Three observations:
1. a hard rain is gonna fall
“Europe”, the single by Dienerve, sounds like Jochen Distelmeyer’s single “I sing for you”. Writers like Juli Zeh and actors like Lars Eidinger signed an open letter from Emma in which they spoke out against the delivery of heavy weapons to Ukraine for fear of a nuclear war. The Hamburg indie label owner Wolfgang Müller has one much shared counter-argument written.
Born in 1975, she begins with memories of his childhood during the Cold War: There were “the hands I pressed to my ears when two low-flying fighter jets thundered over our village. (…) ABC-Alarm was rehearsed regularly. (…) I was always terrified that this time it might not be an exercise, but that an atomic bomb would really explode on us. (…) This threat had disappeared for the last thirty years, anyone who was only born in the mid/late 80s does not know that.”

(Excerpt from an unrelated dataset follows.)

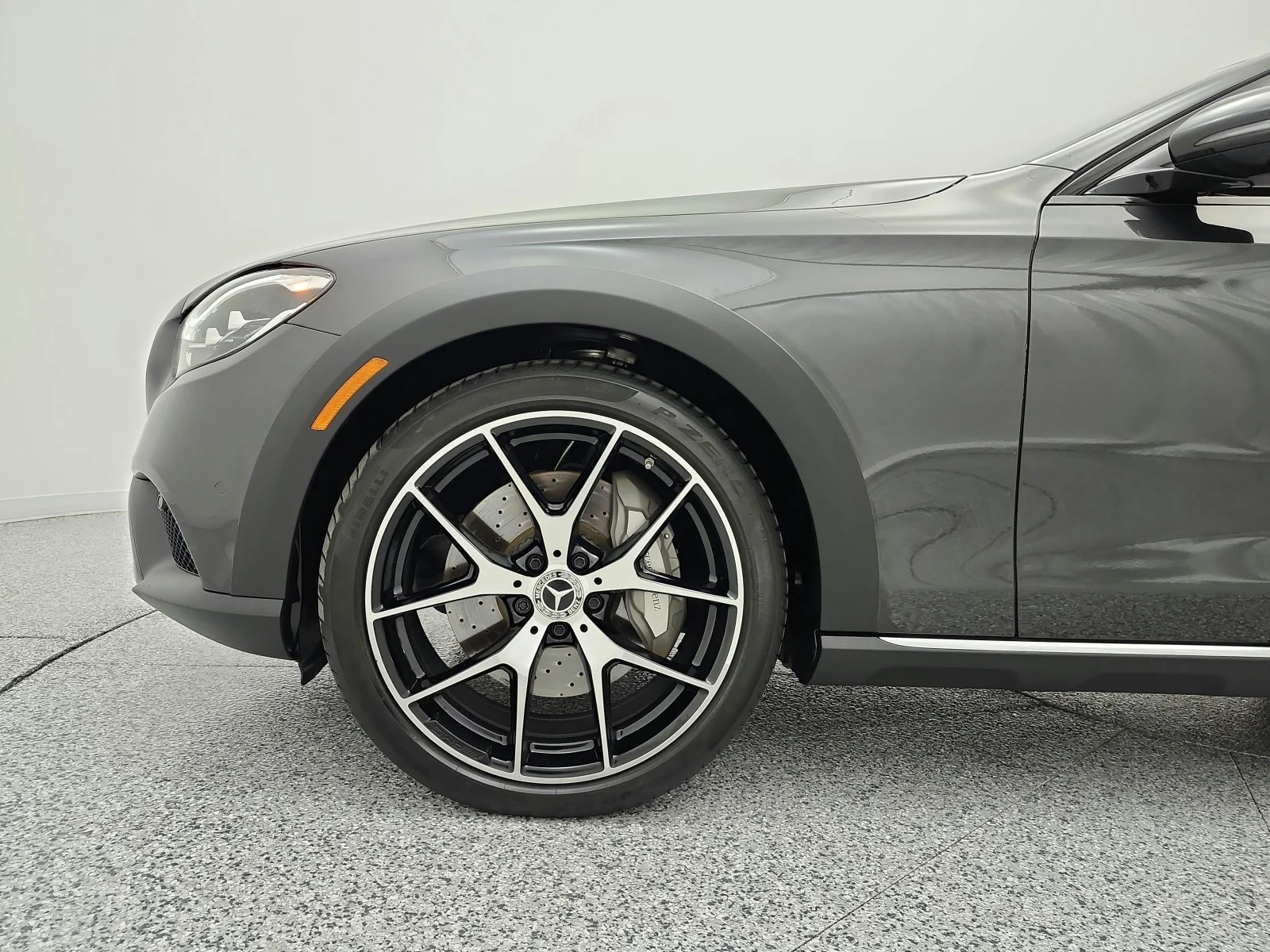 Certified Used 2022 Graphite Grey Metallic Mercedes-Benz E 450 4MATIC® All-Terrain Wagon image 18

“A childhood is a youth, a tower of ivory / Everyone keeps saying it will never be like this again,” sings Max Rieger, born in 1993, about nerves in “Europe”. And Jochen Distelmeyer sings that he sings for you, “when only war and crisis rages around you / And hard rain falls on your world too”.
2. spoiled, repressed, frightened
At the time” writes the author Anna Mayr about the paradox of living in prosperity and security: “It is impossible to lead a happy life if one is at the same time fully aware of the circumstances of this life.” The western well-to-do person had sorted his normality well for a long time: crises, wars, catastrophes happen elsewhere. Only individual crises can happen to us: unemployment, separation, illness. But with diligence, good nutrition, sport and one or the other open letter, they can be dealt with.

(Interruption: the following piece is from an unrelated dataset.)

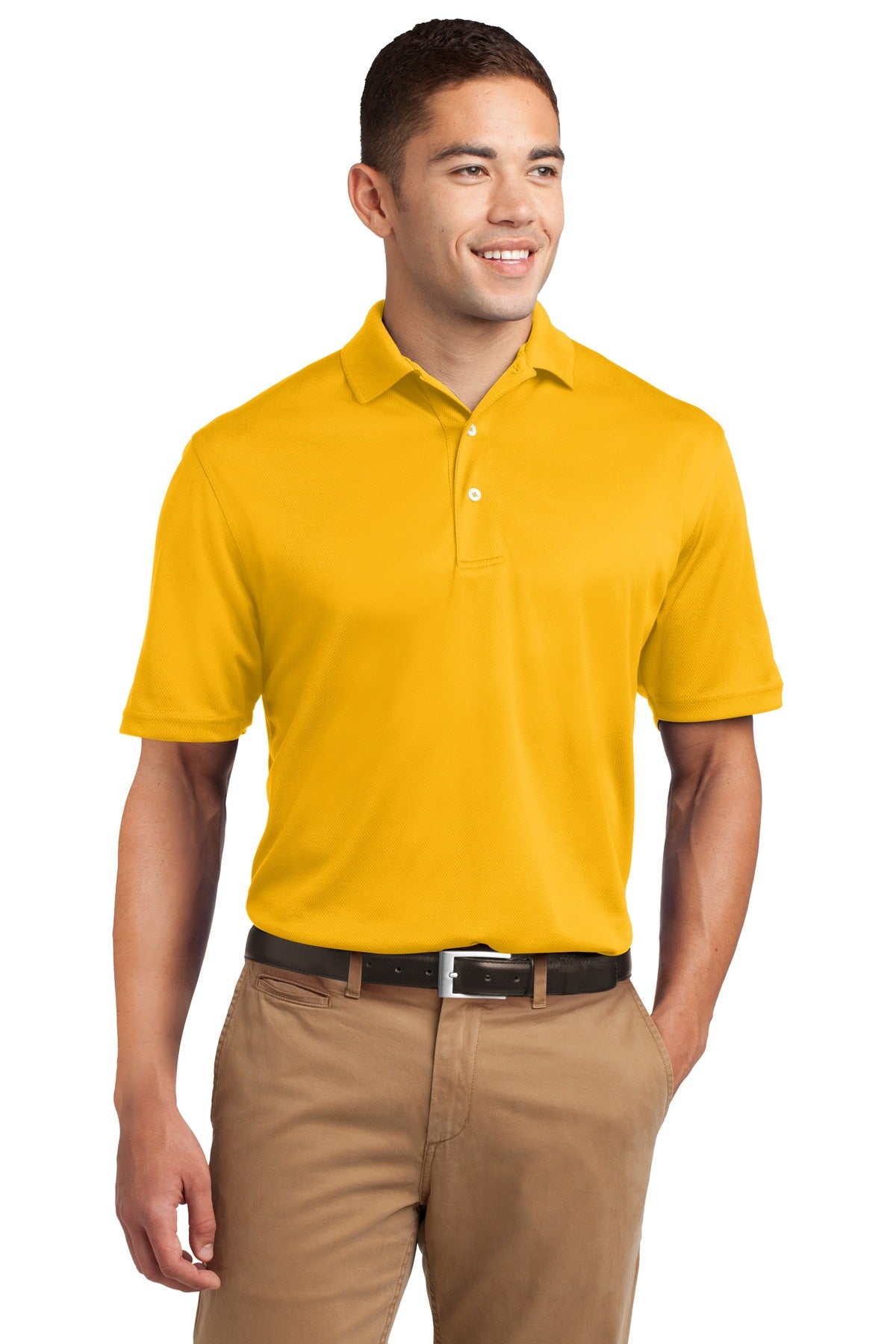 Sport-Tek? Dri-Mesh? Polo.  K469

This practical division has now collapsed. After enduring a pandemic, you’re not rewarded with “any closer,” as Charli XCX — born in 1992 — suggested as recently as “Anthems,” her 2020 lockdown song. Our life pre-corona and the threat of war was not normal, but only a well-off perspective of suppression that seemed normal to us. It was blinders that one – although they were sensible psychological hygiene – as a white, Western person “born from the mid/late eighties” now blames oneself for.
You hate yourself for your racism and your sense of entitlement. While at the same time, of course, one hopes that everything – please – will quickly go back to the way it was. WEIRD, meaning “western, educated, industrialized, rich and democratic”, is what the equally weird Canadian anthropologist Joseph Henrich calls us in his non-fiction book that has just been published in German: “The Strangest People In The World”.
3. weird
With Henrich, one learns that western people like to draw conclusions about others from themselves – also in psychology. However, this would not be entirely possible. Because culture significantly changes the brain. Reading ability, for example, remodels the brain in such a way that reading people find face recognition more difficult than people who are not literate. Westerners also share the conviction that humans are clearly definable individuals and not “just” a node in a network.
If we saw ourselves as such knots, it would probably be easier for us to deal with racisms – such as sorting out crises, wars and catastrophes to “other places”. Personal self-loathing is not appropriate. It is the programming of our network that is sometimes hateful. Meanwhile, the Russian-based nodes are being told on state television how a single nuclear missile could wipe out Britain. “So lock all the windows and shut all the doors and get into the house and lie down on the cold, hard floor” screams Dana Margolin on the new Porridge Radio album.
This column first appeared in the Musikexpress issue 07/2022.